The Air Force Research Laboratory introduced the plans earlier this week in a a request for proposals as a "Dominant Cyber Offensive Engagement."
The request states:
Of interest are any and all techniques to enable user and/or root level access to both fixed (PC) or mobile computing platforms. Robust methodologies to enable access to any and all operating systems, patch levels, applications and hardware are of interest.
The purpose for this is clear:
...this BAA's objective includes the capability to provide a variety of techniques and technologies to be able to affect computer information systems through Deceive, Deny, Disrupt, Degrade, Destroy (D5) effects. Of interest are any and all techniques including enabling D5 effects to computers and their networks...
"...research efforts under this program are expected to result in complete functional capabilities." The request notes.
The program will also focus on a stealth approach:
Also, we are interested in technology to provide the capability to maintain an active presence within the adversaries' information infrastructure completely undetected...
...it is desired to have the capability to stealthily exfiltrate information from any remotely-located open or closed computer information systems with the possibility to discover information with previously unknown existence... Consideration should be given to maintaining a "low and slow" gathering paradigm in these development efforts to enable stealthy operation.
This approach will provide an alternative to another program being proposed under the same overall initiative that will see the airforce build its own zombie network to forcefully and openly "Carpet Bomb" any target computers or networks.
As Wired.com notes, recently the military, mirroring it's pre-emptive war strategy, has shifted to an offensive posture where cyberspace is concerned, rather than a defensive one:
in the last year or so, the tone has changed -- and become more bellicose. “Cyber, as a warfighting domain . . . like air, favors the offense,” said Lani Kass, a special assistant to the Air Force Chief of Staff who previously headed up the service's Cyberspace Task Force. "If you’re defending in cyber, you’re already too late."

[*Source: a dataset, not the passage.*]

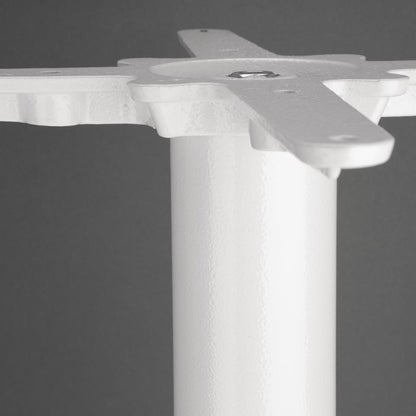 Bolero Cast Iron Round Table Base White • PAS-FT029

"We want to go in and knock them out in the first round," added Lt. Gen. Robert Elder, commander of the 8th Air Force, which focuses on network issues.
"An adversary needs to know that the U.S. possesses powerful hard and soft-kill (cyberwarfare) means for attacking adversary information and command and support systems at all levels," a recent Defense Department report notes. "Every potential adversary, from nation states to rogue individuals... should be compelled to consider... an attack on U.S. systems resulting in highly undesireable consequences to their own security."
"Full Spectrum Dominance" has always been the military aim and exactly as it has done over land, sea and air, the military is seeking to aggressively exert it's control over cyberspace and all those who reside within that terrain.
Multiple programs are being rolled out by the Pentagon and its offshoot agencies such as DARPA, in a secret war with the internet that has been described as a $30 billion "electronic Manhattan Project".